▸ **EXERCISE BRIEF**: Write the entries out again in full and unchanged, dropping every image.

RECORDED INFORMATION below:

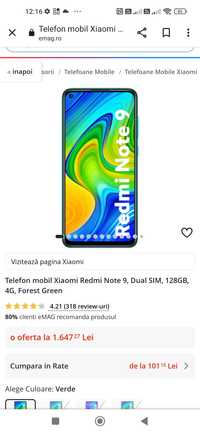 Xiaomi Redmi Note 9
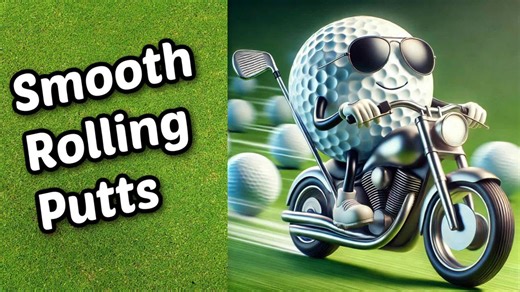 Why Your Golf Putts Bounce Instead of Roll Smoothly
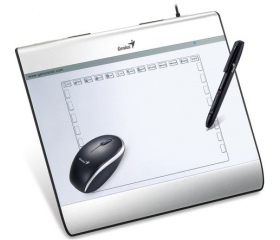 Genius MousePen i608X digitatábla tábla + egér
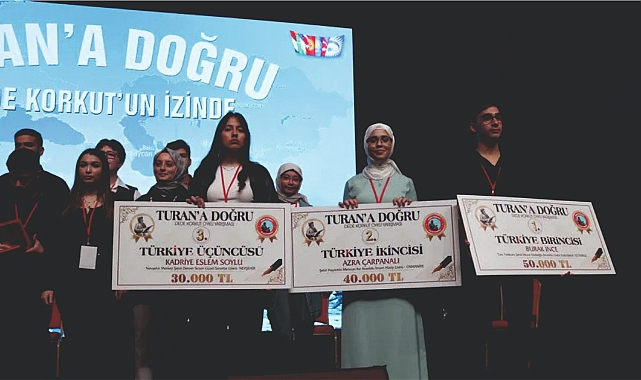 Dede Korkut Öykü Yarışması'na muhteşem final
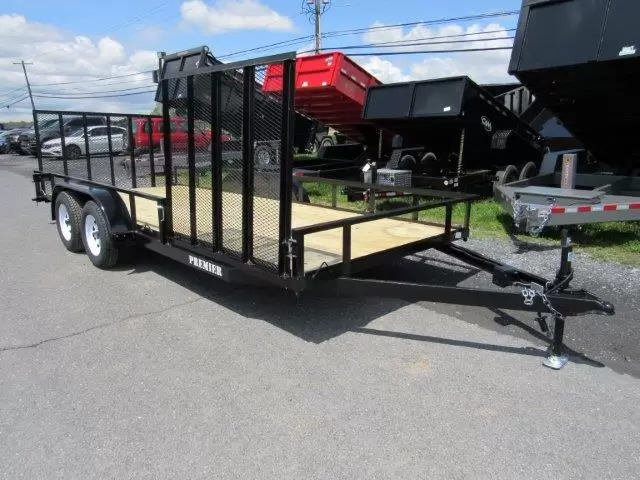Premier 7 x 18 Landscape Utility Trailer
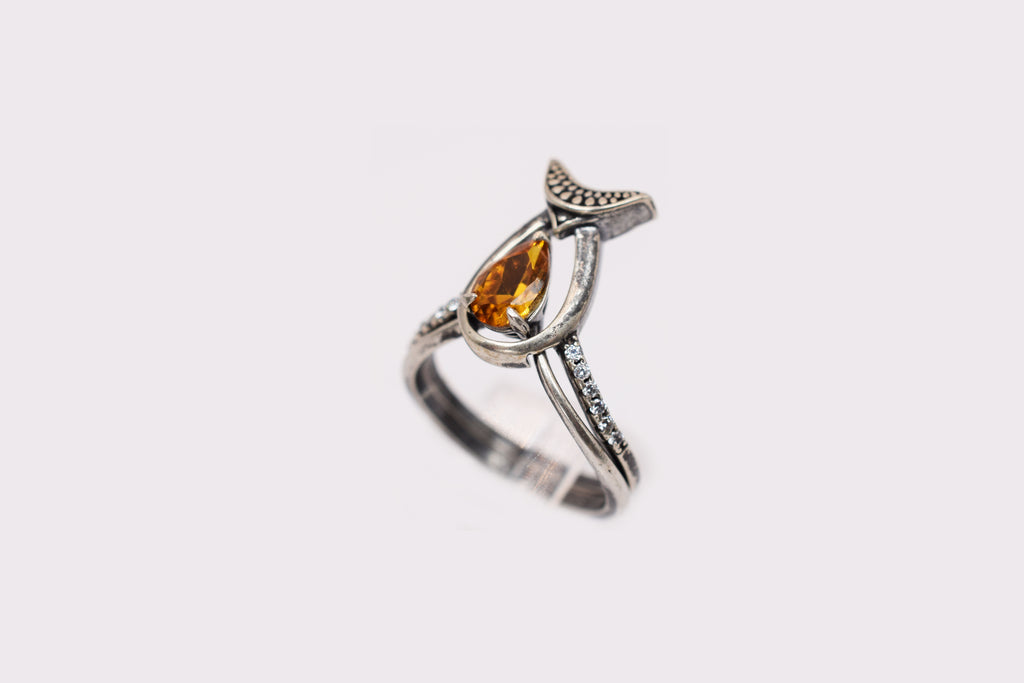 "In My Wisdom" Sterling Silver Ring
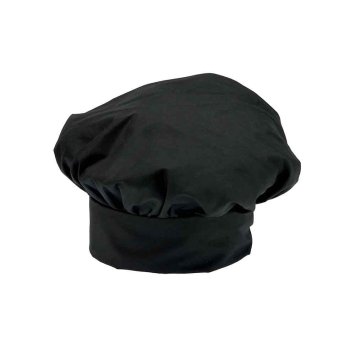 CAPPELLO CUOCO NERO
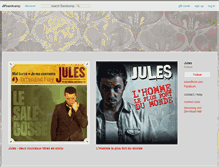 Tablet Screenshot of lejulesofficiel.bandcamp.com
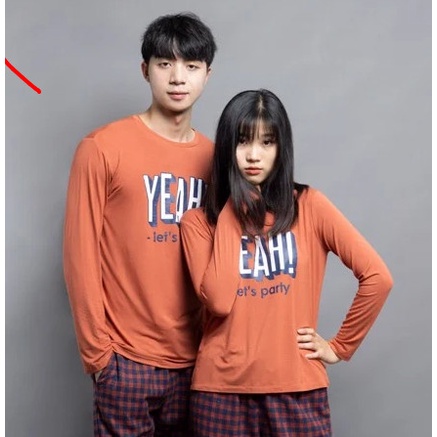 Áo phông nam SAYME dài tay thu đông vải cotton mềm mịn ấm áp MBTS0030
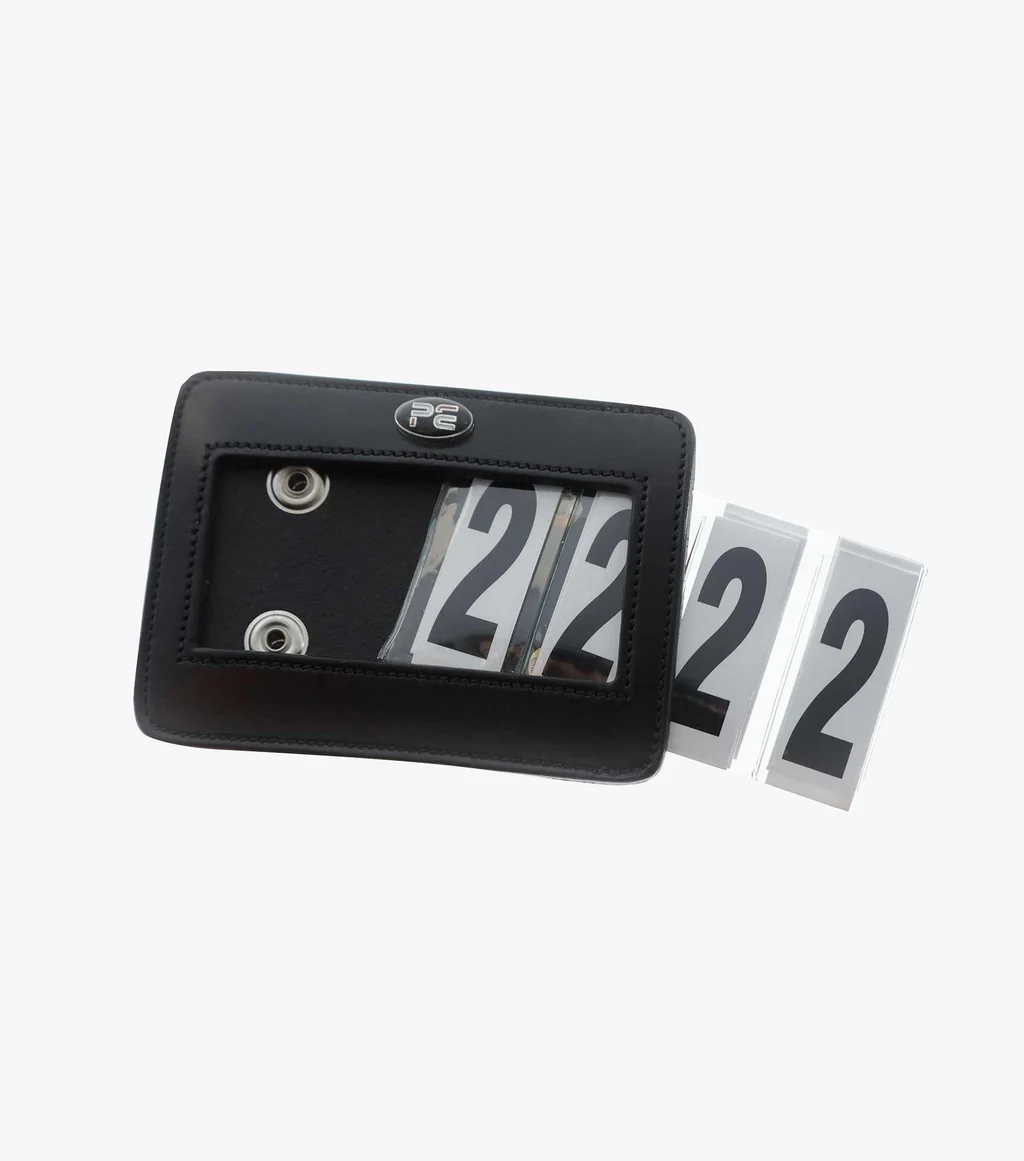 شمارهبند مسابقه Premier Equine کد PE 6201BLK — 1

End of RECORDED INFORMATION.

▸ **RESPONSE AREA**:
 Xiaomi Redmi Note 9
 Why Your Golf Putts Bounce Instead of Roll Smoothly
 Genius MousePen i608X digitatábla tábla + egér
 Dede Korkut Öykü Yarışması'na muhteşem final
Premier 7 x 18 Landscape Utility Trailer
 "In My Wisdom" Sterling Silver Ring
 CAPPELLO CUOCO NERO
 Tablet Screenshot of lejulesofficiel.bandcamp.com
 Áo phông nam SAYME dài tay thu đông vải cotton mềm mịn ấm áp MBTS0030
 شمارهبند مسابقه Premier Equine کد PE 6201BLK — 1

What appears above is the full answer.